If you’re in a spot of bother or in real trouble anywhere in the world you can now use your iPhone to immediately alert friends or family, including sending them a map of exactly where you are.

A small start-up company, Xpertise Mobile, working out of a house in the trendy, ‘artist-quarter’ inner-Melbourne suburb of Fitzroy, has developed a new application which it has called i am Safe, which can be activated with the single touch of a button to immediately alert up to five friends or family that you need help. It also shows them where you are on a map and also make audio recordings of any incident and downloads them to the server immediately.

What’s more, all of this happens instantly on activation and works anywhere in the world, subject to the integrity of the signal on your iPhone.   It’s also not something you can trigger accidentally as activation begins with a countdown to launch, determined by you on set-up (between 2 and 5 seconds), and to cancel the countdown, you simply slide a bar.

The four simple ways i am Safe can potentially help you in an emergency - providing you have an adequate signal – are, by (i) Making your phone ring, which might just provide the distraction you need to get away; (ii) sending a previously worded emergency text or voice message to five pre-determined contacts; (iii) sending an emergency email to your five contacts, including a link to a map showing where you are and then tracking you continuously; and, (iv) recording audio of the incident and sending it to the i am Safe server for future reference.
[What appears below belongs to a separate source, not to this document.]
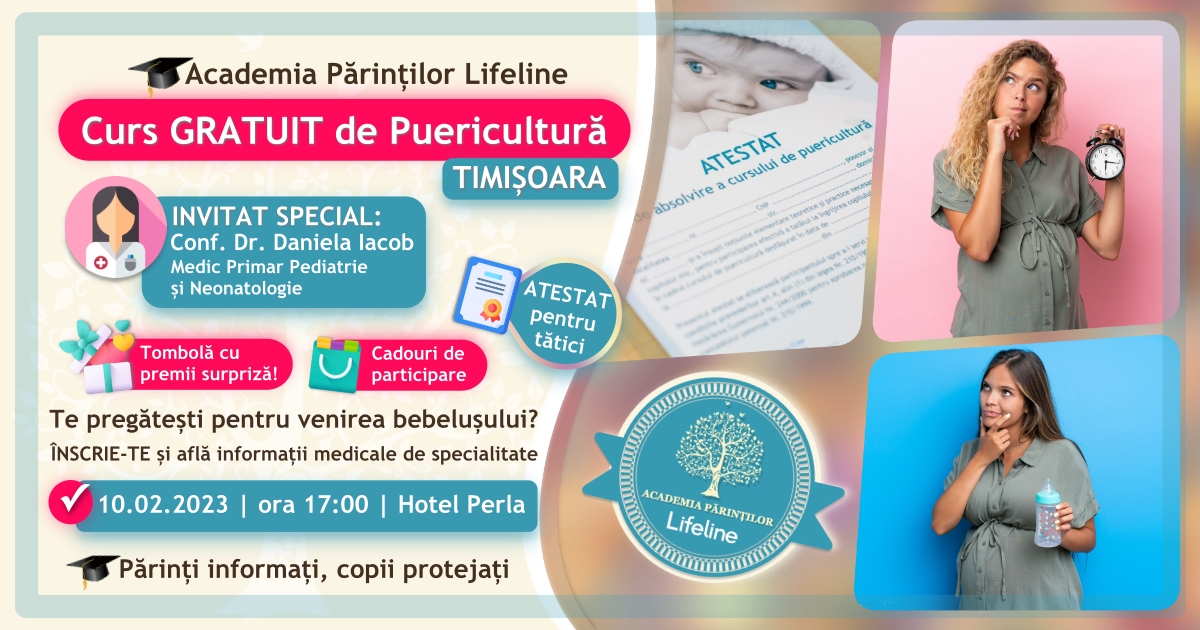 Academia Părinților Lifeline - Curs de Puericultură Gratuit - Timișoara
This great new, ‘peace-of-mind’ for parents and family, application has been painstakingly developed over the past 12-months by the originator of the idea, Tim Hine, and his newly-formed team of three programmers, one architect and a graphic designer.
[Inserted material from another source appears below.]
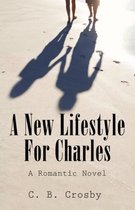 A New Lifestyle for Charles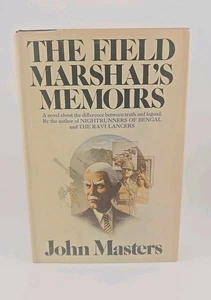 The Field Marshal’s Memoirs by John Masters | First Edition 1975 | HC w/ DJ | VG - Picture 1 of 17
Tim, a 64-year-old veteran of the IT industry, told iTWire today that he was triggered into action when, like all other Australians, he was appalled by the events surrounding the disappearance and subsequent death in Croatia of Melbourne girl, Britt Lapthorne.

“A year ago the media was buzzing with reports of the Britt Lapthorne case and, working in IT, I started thinking about a solution.  Being an Apple-based person I thought of developing the solution on the Apple platform, and decided to pull together a team to develop the application.”